Hands Across the Sand: The biggest grassroots phenomenon since Earth Day

Hands Across the Sand is a grassroots phenomenon the likes of which we have not seen since the first Earth Day in April, 1970. Last Saturday, hundreds of thousands of people came to beaches, lakes and bridges across the planet (see videos below) to join hands together all because one man decided to draw a line in the sand to put a stop to drilling off Florida’s coast. Dave Rauschkolb, creator of Hands is a surfer and restaurant owner in the panhandle town of Seaside, Florida. He is a businessman, not the classic definition of “environmentalist”. And that is a basis of the story that has launched this mass awakening.
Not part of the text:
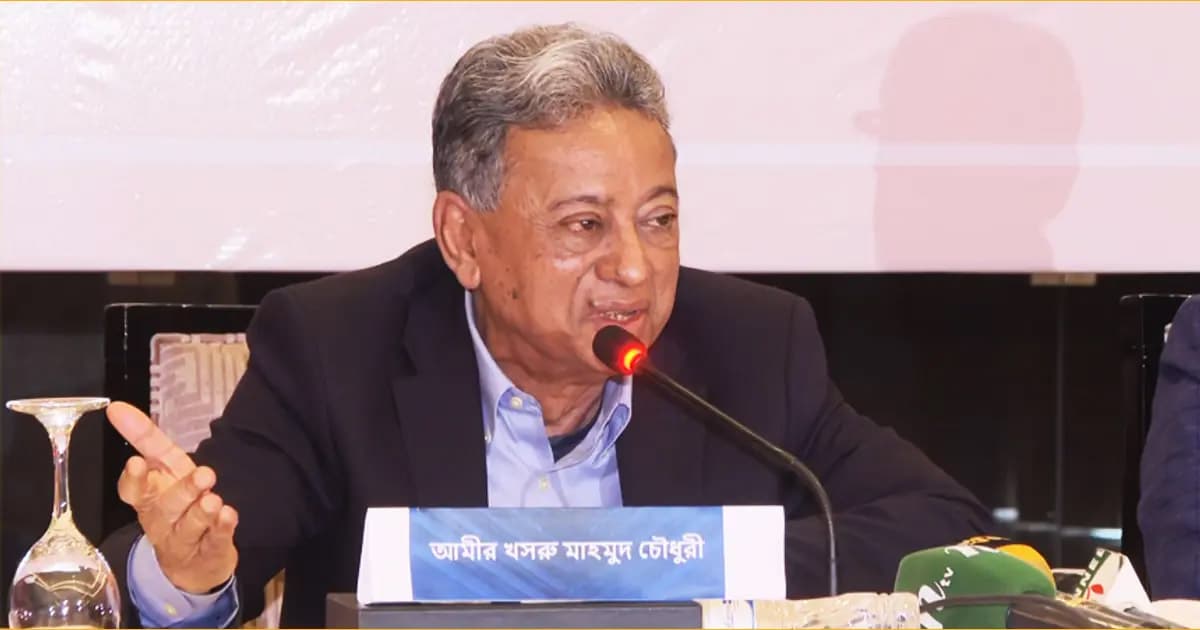 বন্ধ হওয়া সব শিল্পকারখানা চালু হবে: অর্থমন্ত্রী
The first Hands event took place on a cold day in February, before the start of the Florida legislative session. The goal of the 3,000 people that showed up in Pinellas and the 10,000 on 80 Florida beaches was to stop Florida’s lawmakers from making a very big mistake by allowing drilling within 3-12 miles of our shores. Now, we are living in the miasma of the ‘worst that can happen’. Oil and dangerous gasses gush from the sea floor every moment — as we go about our daily lives, as we joined hands on Saturday, and as I write this. BP failed to live up to its contract of safety. MMS failed to enforce that contract. Our government does not have the know-how to stop the gusher, the oil industry seems unable to stop it, and the “clean-up” is fraught with dangerous dispersants with unknown toxic effect. We have poked and prodded and disregarded the Earth that nurtures and feeds us. We have burned and consumed and destroyed — most, not from malice, but from a “necessity” that was created by money and power.